Conference: CVPR 2025
arXiv: 2503.18682
Code: https://github.com/facebookresearch/vkraygs
Area: 3D Vision
Keywords: 3D Gaussian Splatting, Hardware Rasterization, Ray Tracing, Novel View Synthesis, VR Rendering

TL;DR

This paper presents VKRayGS, the first hardware-rasterized Ray-based 3D Gaussian Splatting (RayGS) rendering scheme. Through rigorous mathematical derivations, it constructs a minimum bounding quad in 3D space, achieving approximately a 40x rendering speedup while maintaining the high-quality rendering of RayGS, and additionally proposes a MIP anti-aliasing scheme for RayGS.

Background & Motivation

  1. Background: 3D Gaussian Splatting (3DGS) renders scenes via splatting, which is fast but suffers from projection approximation errors. RayGS eliminates this error through exact ray-Gaussian intersection calculation, achieving higher quality rendering.

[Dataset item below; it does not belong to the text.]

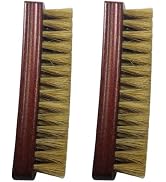 Ponward 2 Pcs Boar Bristles Shoe Brush, 6" Concaved Handle for Premium Grip, Wooden Shoe Cleaning...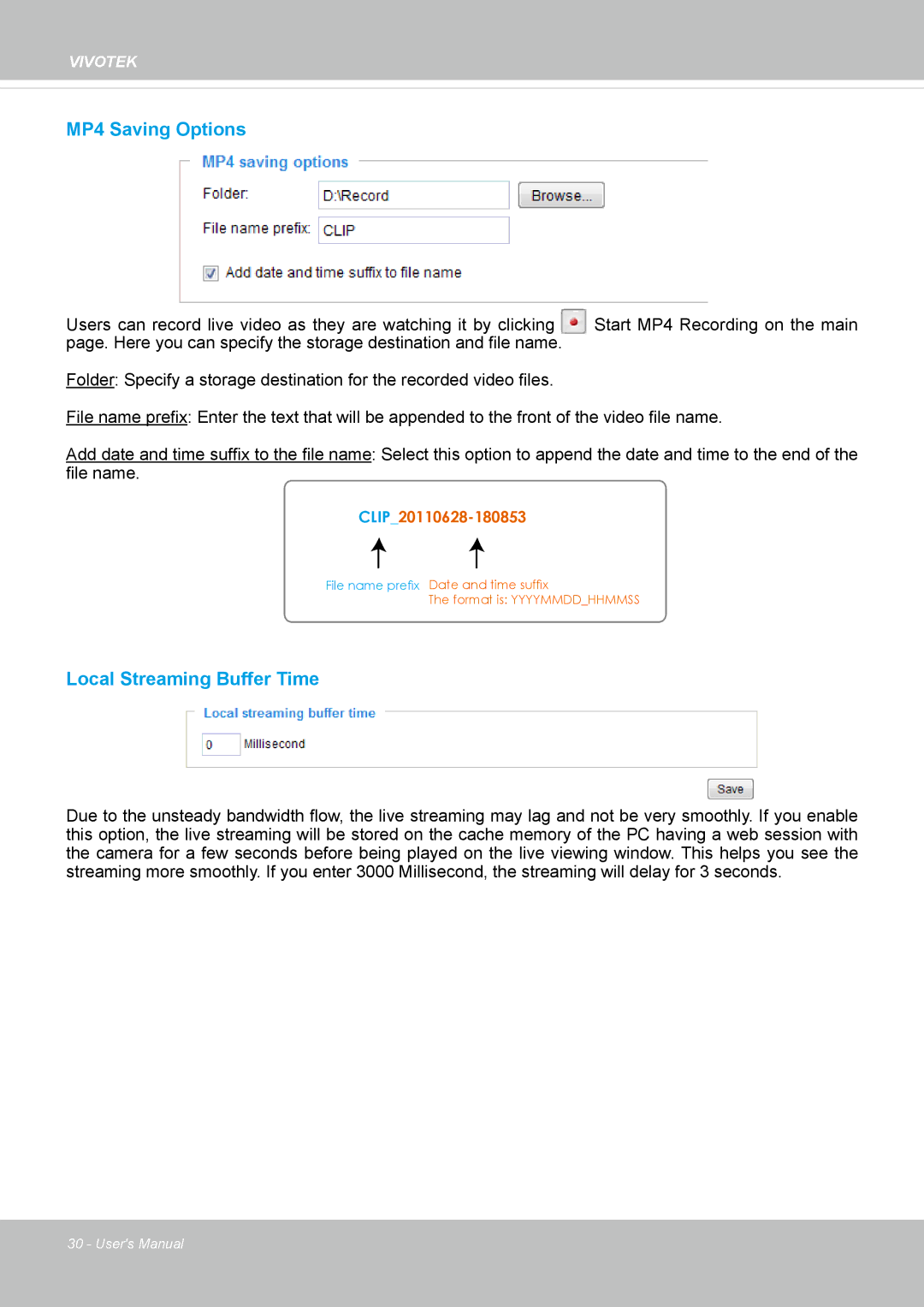 Vivotek IP8130 user manual MP4 Saving Options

  2. Limitations of Prior Work: Although RayGS provides better quality, its computational overhead increases significantly. Current mainstream implementations (such as GOF) are based on CUDA software rasterization, resulting in framerates too low to meet the requirements of high-framerate applications like VR.

  3. Key Challenge: The support of standard 3DGS is an ellipse in the image plane, which is easy to rasterize with hardware. However, the support of RayGS can be a half-hyperbola, making it impossible to wrap simply with a quad in the image plane.

  4. Goal: How to map RayGS to the standard hardware rasterization pipeline (vertex shader + fragment shader) while maintaining rendering quality?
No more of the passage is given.